⟨
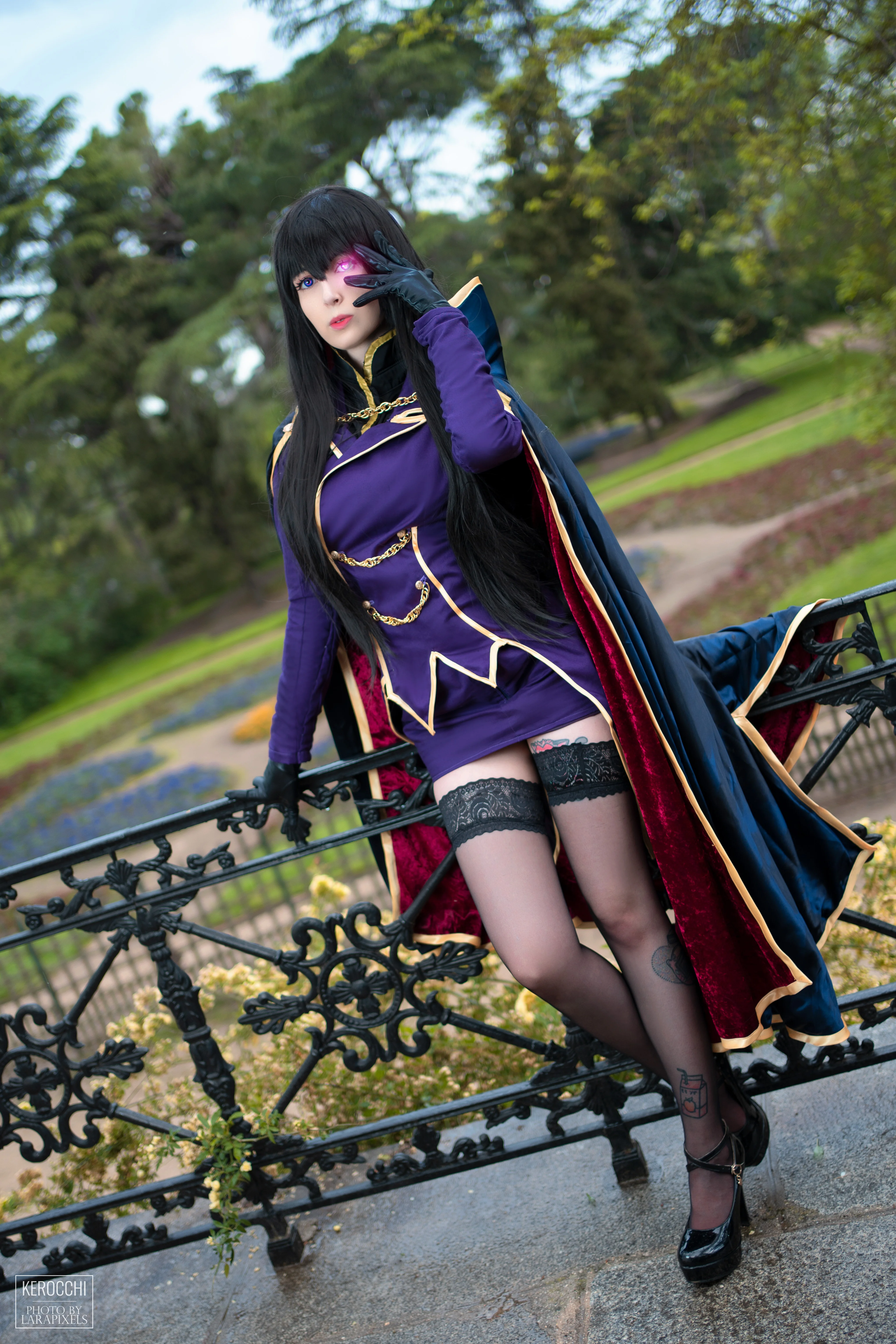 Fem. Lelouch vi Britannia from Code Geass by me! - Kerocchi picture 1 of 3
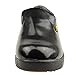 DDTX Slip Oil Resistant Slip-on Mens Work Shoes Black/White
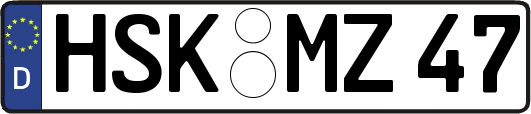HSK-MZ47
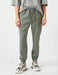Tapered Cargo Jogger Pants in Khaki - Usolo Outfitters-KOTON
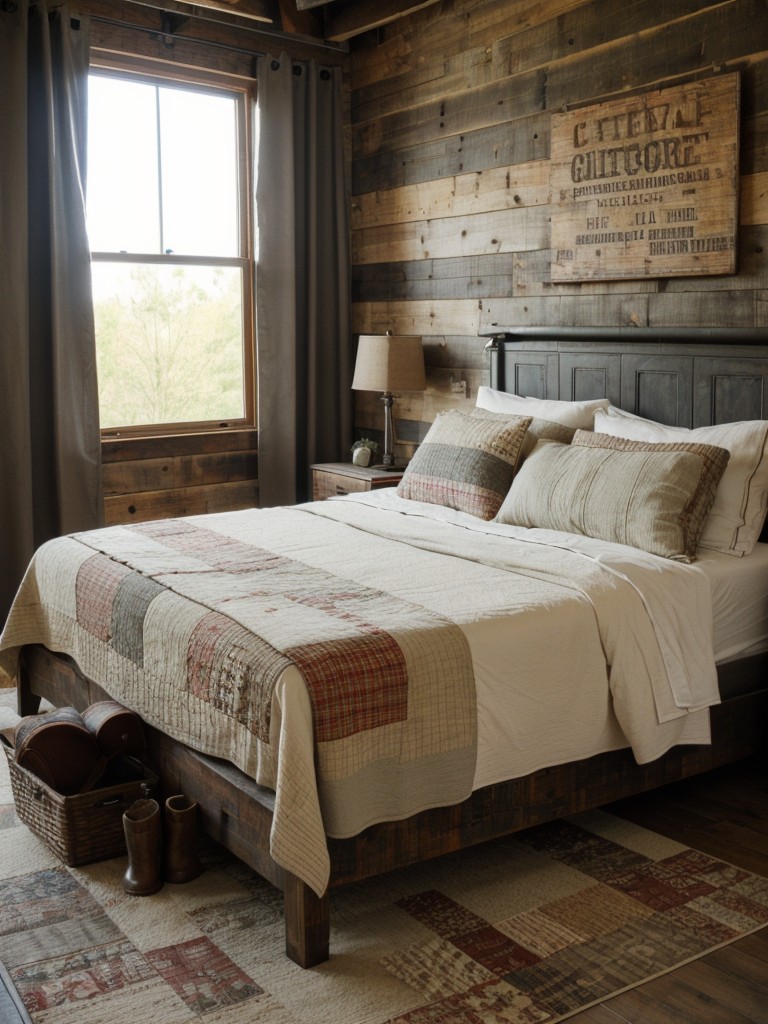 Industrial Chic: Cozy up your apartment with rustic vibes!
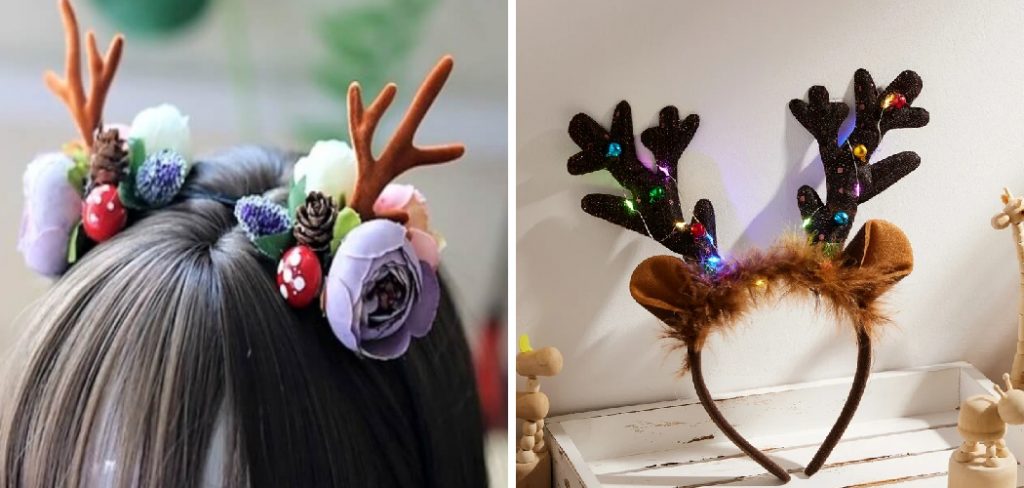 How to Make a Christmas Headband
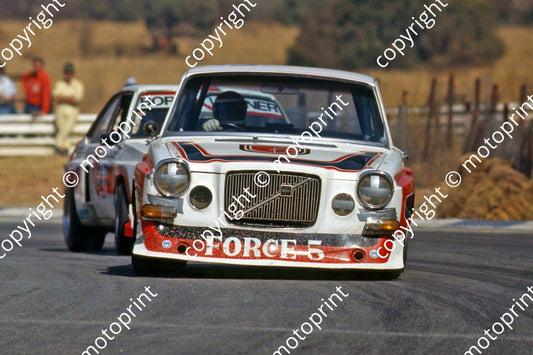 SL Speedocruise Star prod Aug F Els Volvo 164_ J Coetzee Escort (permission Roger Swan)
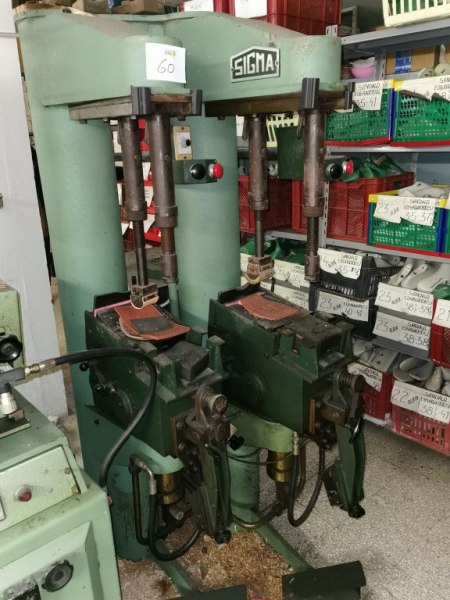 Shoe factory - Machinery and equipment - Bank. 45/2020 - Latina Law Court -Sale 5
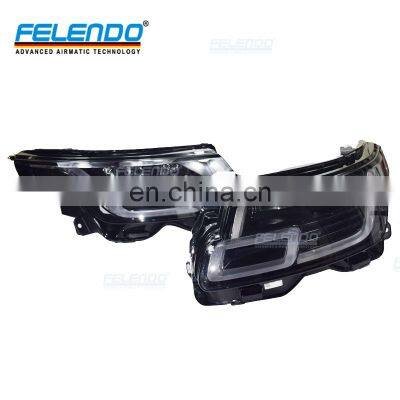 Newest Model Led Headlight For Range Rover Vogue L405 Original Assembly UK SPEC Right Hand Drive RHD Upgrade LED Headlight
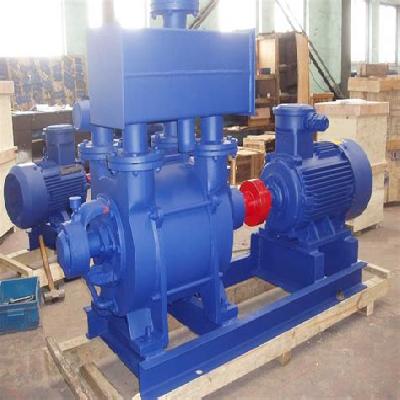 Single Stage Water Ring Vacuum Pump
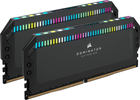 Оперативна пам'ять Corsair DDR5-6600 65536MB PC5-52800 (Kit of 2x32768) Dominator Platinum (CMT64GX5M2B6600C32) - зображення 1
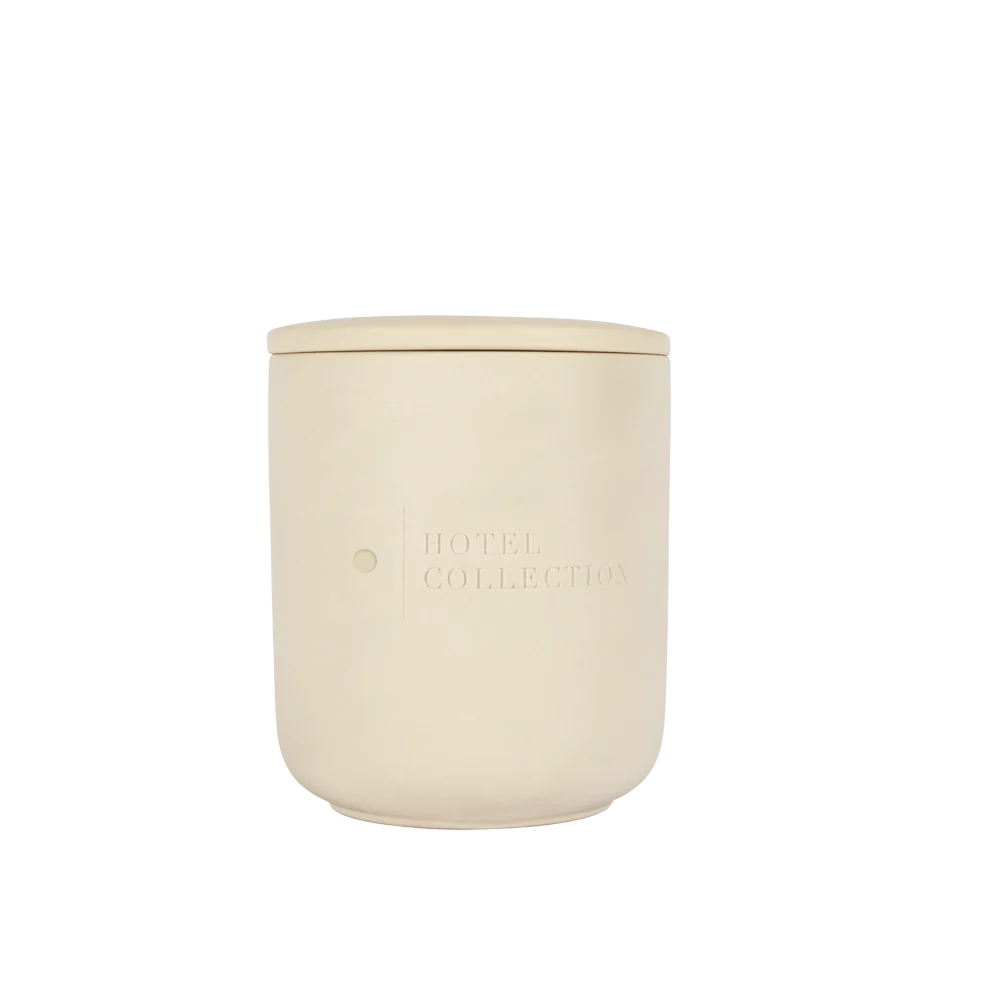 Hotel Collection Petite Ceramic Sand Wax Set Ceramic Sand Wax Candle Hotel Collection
⟩
■ **EXERCISE**
Give again the stretch of the entries above that begins at the line with "Industrial Chic: Cozy" and ends at the line with "Single Stage Water Ring Vacuum Pump", word for word, with no pictures.

■ **SOLUTION**
 Industrial Chic: Cozy up your apartment with rustic vibes!
 How to Make a Christmas Headband
 SL Speedocruise Star prod Aug F Els Volvo 164_ J Coetzee Escort (permission Roger Swan)
 Shoe factory - Machinery and equipment - Bank. 45/2020 - Latina Law Court -Sale 5
 Newest Model Led Headlight For Range Rover Vogue L405 Original Assembly UK SPEC Right Hand Drive RHD Upgrade LED Headlight
 Single Stage Water Ring Vacuum Pump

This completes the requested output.